→ Task to carry out
Output all the data exactly. Pictures do not belong in the copy.

→ Dataset extract
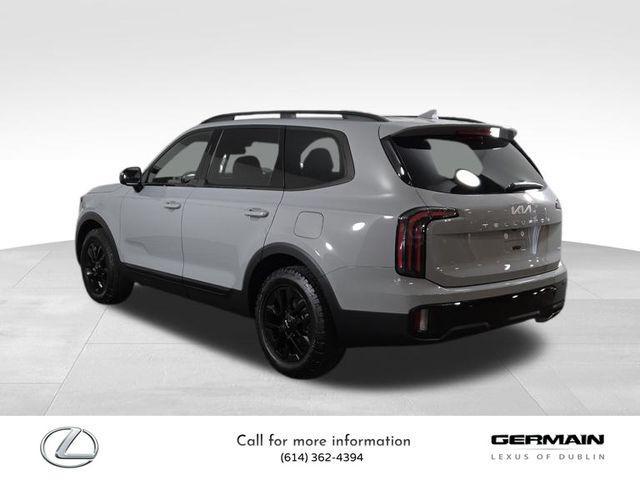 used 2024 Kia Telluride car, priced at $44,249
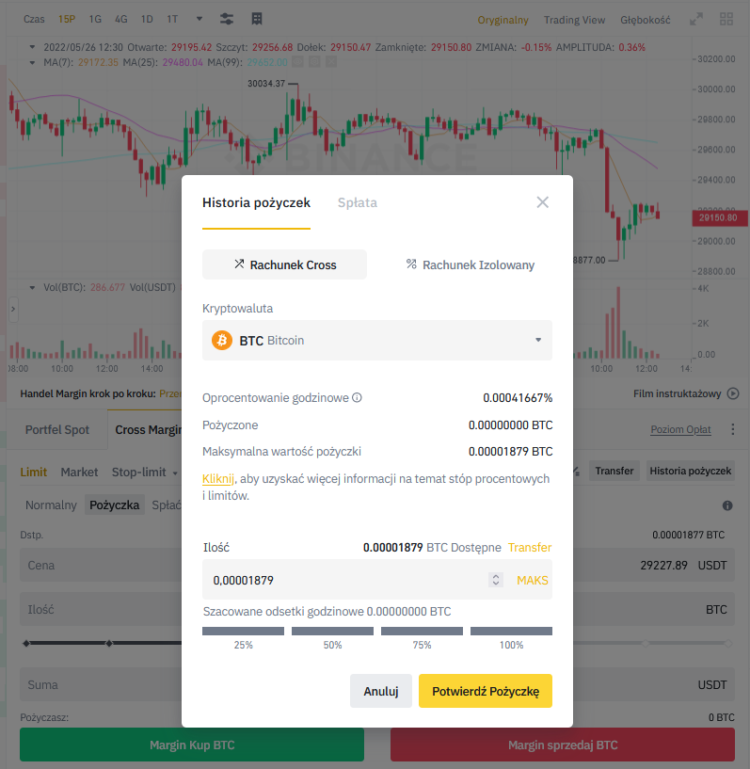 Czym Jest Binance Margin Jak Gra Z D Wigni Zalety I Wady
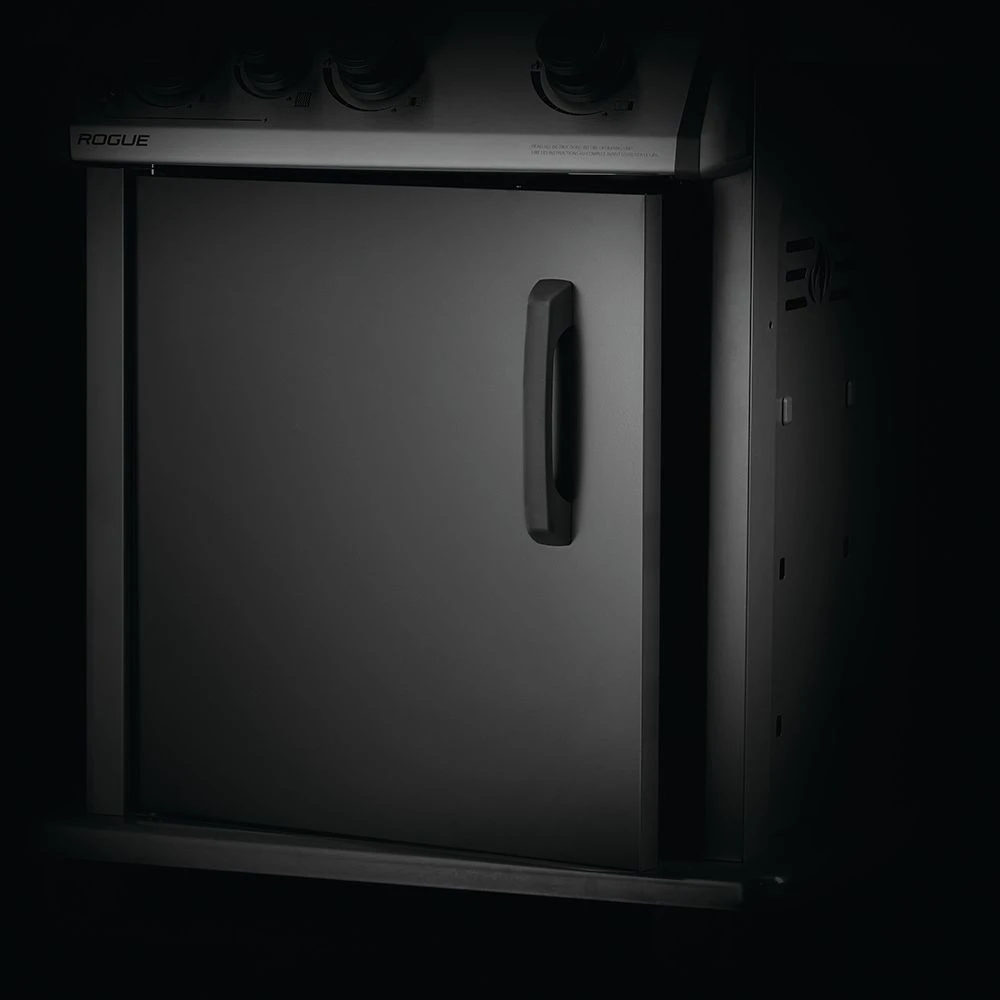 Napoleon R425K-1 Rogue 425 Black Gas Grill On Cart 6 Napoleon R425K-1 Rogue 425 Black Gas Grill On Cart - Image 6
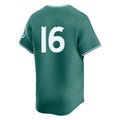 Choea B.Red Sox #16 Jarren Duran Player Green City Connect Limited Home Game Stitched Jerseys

→ Solution for this exercise
 used 2024 Kia Telluride car, priced at $44,249
 Czym Jest Binance Margin Jak Gra Z D Wigni Zalety I Wady
 Napoleon R425K-1 Rogue 425 Black Gas Grill On Cart 6 Napoleon R425K-1 Rogue 425 Black Gas Grill On Cart - Image 6
 Choea B.Red Sox #16 Jarren Duran Player Green City Connect Limited Home Game Stitched Jerseys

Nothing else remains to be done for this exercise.